This week, we’ve been looking at the differences between online and offline direct marketing and how the specialists from these two different worlds can talk to each other.
This difference may be no more stark than it is for attribution.
With online attribution, you can follow a Web visitors journey through your site. You can (and should) follow them through the site and say that someone we attract to the home page is worth X; if we get them to take an advocacy alert, they are worth Y; if they download a white paper, they are worth Z. These steps toward donation each have their place in the donor journey firmament online.
With offline, attribution is usually applied with a sledgehammer — they donated to X mail piece, so X gets the credit.
Having run a quasi-membership program, I’ve seen the absurd joy of watching donations spike to last year’s membership pieces the moment this year’s come out. (OK, “spike” is a bit dramatic; “hill” perhaps? They go up by a little for a time, then back down.) People almost certainly set them aside and then, reminded by the latest piece, send in whatever reply device they have at hand.

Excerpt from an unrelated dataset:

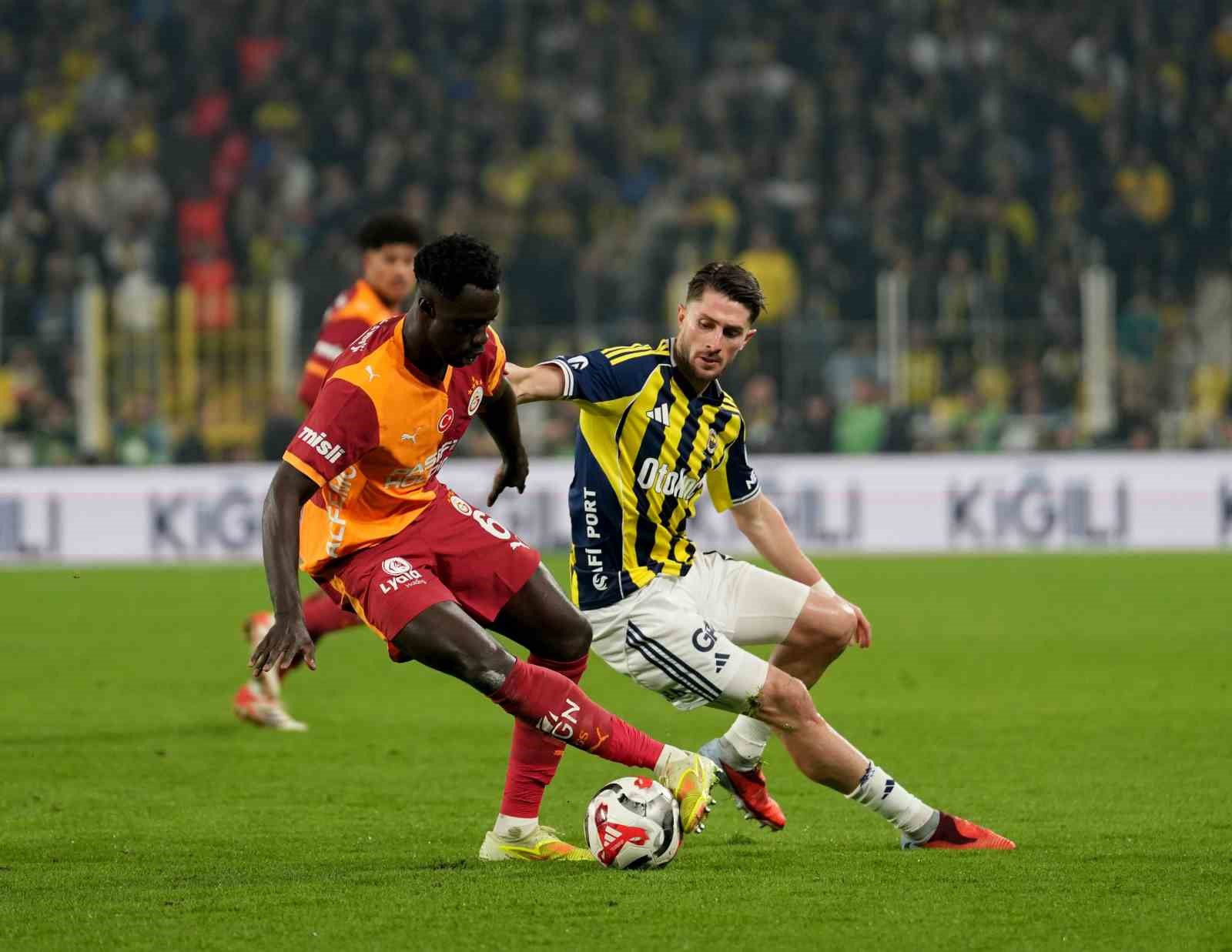 trendyol super lig fenerbahce 1 galatasaray 1 mac sonucu 25 BSO2YnJz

This is one minor example of how offline attribution is often done, but simplified to the point of absurdity. One is put in mind of the old physicists’ joke about milk production:
Ever lower milk prices were driving a dairy farmer to desperate measures, so he consulted with a theoretical physicist. The physicist listened to his problem, asked a few questions, and then said he’d take the assignment, and that it would take only a few hours to solve the problem. A few weeks later, the physicist phoned the farmer, “I’ve got the answer. The solution turned out to be a bit more complicated than I thought and I’m presenting it at this afternoon’s seminar.” As the talk begins the physicist approaches the blackboard and draws a big circle. “First, we assume a spherical cow of uniform density…” (here’s the origin joke, which I simplified)
So I guess was the only one who thought of that joke with oversimplification? Sorry ‘bout that…
Anyway, this way of looking at attribution has several program-damaging faults:
- It can cause people to cut cultivation communications. These communications that help retain donors, learn about them, and bring them ever closer to the mission but don’t directly convert can have a big impact on eventual conversion. In essence, you may end up cutting the wrong thing.
- It can cause overcommunication. If you add a communication and it nets positive, you may think it is the power of that communication, when it’s really about the the last communication but there wasn’t enough space between communications to differentiate.
- It puts you in a mindset where you are thinking about the individual communications, not the individual donors. This puts you in real trouble. It’s natural to look at a mail piece or an email and think about how it “generated” the gift (when some research indicates that the last piece is about 16% responsible for a gift, leaving the vast majority to other causes). In reality, the donor generated the gift. How do you want to treat that donor going forward.
While sacrilegious to some, offline direct marketers would do well to take a bit of the humility from online attribution models (if not the models themselves) — there is only so much the proximate communication is responsible for.